Rani
2 min readDec 5, 2023

--

“Apa nggak ada loophole di mana gue nggak harus nikah sama Hisyam?” Tanya Arini begitu Ia kembali ke ruang duduk apartemen Hisyam. “Gue nggak mau nikah.”

“I don’t think so,“ jawab Gibran. Laki-laki itu terdengar benar-benar menyesal ketika menjawabnya, seperti Ia ingin menjawab kalau iya, ada kok loopholenya.

“Ini semua di tangan gue kan?” Kata Arini. “Kalau gue nggak nikah sama Hisyam juga gue nggak rugi.”

“You owe me for your brother,“ Hisyam mengingatkan.

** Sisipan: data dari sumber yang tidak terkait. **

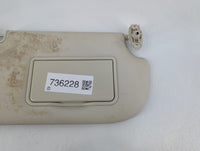 2013-2015 Ford Focus Sun Visor Shade Replacement Passenger Right Mirror Fits Fits 2013 2014 2015 OEM Used Auto Parts - Oemus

“Itu urusan lo sama Bang Arvian.”

“Really? You want to play this game?” Tanya Hisyam. “Lo sekarang jadi target semua keluarga Suwardana, you can either play along or face the consequences. And you don’t really want to know the consequences, do you?”

“Gue nggak mau nikah, Hisyam, apa lagi sama lo.”

“Ya gue juga nggak mau,” balas Hisyam. “It’s just for show, kita cuma butuh meyakinkan orang-orang kalau kita beneran menikah secara sah dan resmi. Setelah itu kita cerai, it doesn’t matter. Lo juga nggak punya pacar kan? I checked.”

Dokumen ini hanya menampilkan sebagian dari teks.